“Allontanarsi”: recensione del romanzo di Elizabeth Jane Howard

Nel quarto volume della saga dei Cazalet, edito da Fazi, la vita dopo la seconda guerra mondiale

Dopo anni di conflitto, di morti e di orrori, la guerra è finalmente finita. Allontanarsi, quarto e penultimo volume dell’appassionante saga dei Cazalet di Elizabeth Jane Howard, edito da Fazi nel 2017, si apre all’indomani della fine del secondo conflitto mondiale, quando la vita sta tornando alla normalità.

Molte cose sono cambiate nel corso degli anni, e altre cambieranno in quelli successivi. Le vite dei Cazalet, che si erano assestate in una sorta di equilibrio, vengono scosse anche dalla pace. Uno dopo l’altro i membri della famiglia, dalla residenza del Sussex, tornano alla quotidianità londinese.

Dei quattro figli di William e Kitty, del Generale e della Duchessa, Edward è quello che si trova di fronte al bivio più cruciale. I compartimenti stagni in cui ha tenuto finora separate le due “due vite” non reggono più. Costretto a una scelta, dopo aver sistemato Villy decide iniziare un nuovo capitolo insieme all’amante storica Diana, dalla quale ha avuto anche una figlia.

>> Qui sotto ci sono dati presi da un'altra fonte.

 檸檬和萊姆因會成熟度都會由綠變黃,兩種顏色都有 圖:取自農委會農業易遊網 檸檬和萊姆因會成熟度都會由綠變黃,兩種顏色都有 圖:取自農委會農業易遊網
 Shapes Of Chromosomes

Hugh, dopo oltre tre anni, sente ancora il vuoto lasciato dalla scomparsa dell’amata moglie Sybil e con i figli ormai grandi si trova smarrito in quella che era stata la loro casa. Rupert, disperso in Francia e creduto morto per molto tempo, è tornato in Inghilterra, ma recuperare le cose con Zoe e la piccola Juliet non è facile. Rachel continua come sempre a occuparsi di tutti, continuando a trascurare l’amata compagna Sid.

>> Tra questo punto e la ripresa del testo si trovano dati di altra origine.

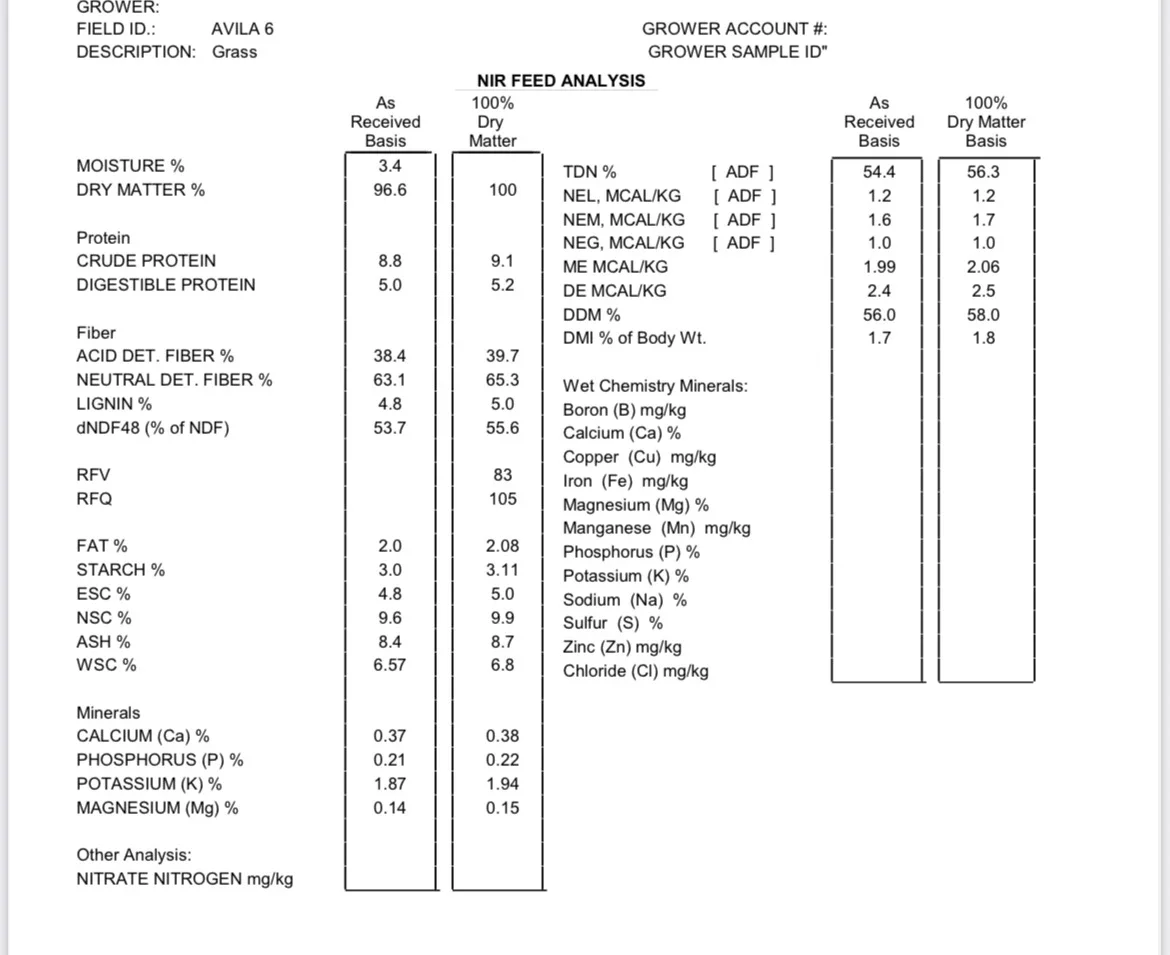 Screenshot 2025-06-20 at 3.35.32 PM (1).webp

I giovani Cazalet, ormai adulti, hanno trovato ciascuno la propria strada. Louise si trascina stancamente nel suo matrimonio con il ritrattista Michael, che non accenna a riprendersi neanche grazie al soggiorno newyorkese. Teddy, partito per l’addestramento militare in Arizona, torna dal “nuovo mondo” con una moglie, Bernardine, che pensava col matrimonio di sistemarsi. E poi ci sono Polly e Clary, che dividono un appartamento a Londra…

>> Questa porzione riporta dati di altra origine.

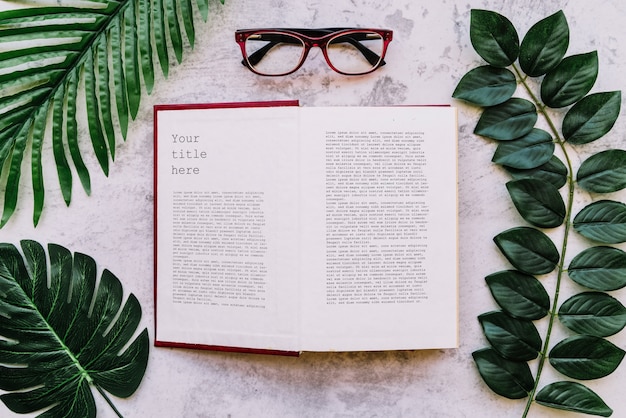 top view open book mockup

In “Allontanarsi“, più che nel precedente “Confusione” (qui la recensione), emerge con forza il grande cambiamento che la guerra ha portato nei costumi dell’epoca e soprattutto nel ruolo della donna. Questo emerge con ancora maggiore chiarezza se si pensa al mondo immortalato in “Gli anni della leggerezza”, ambientato meno di un decennio prima.

Ancora una volta la Howard ci rimanda ritratti completi e complessi dei suoi tanti personaggi, non lesinando mai sui particolari e sulle molteplici sfaccettature e sfumature di ciascuno, che sono poi ciò che li rende tanto realistici e vivi.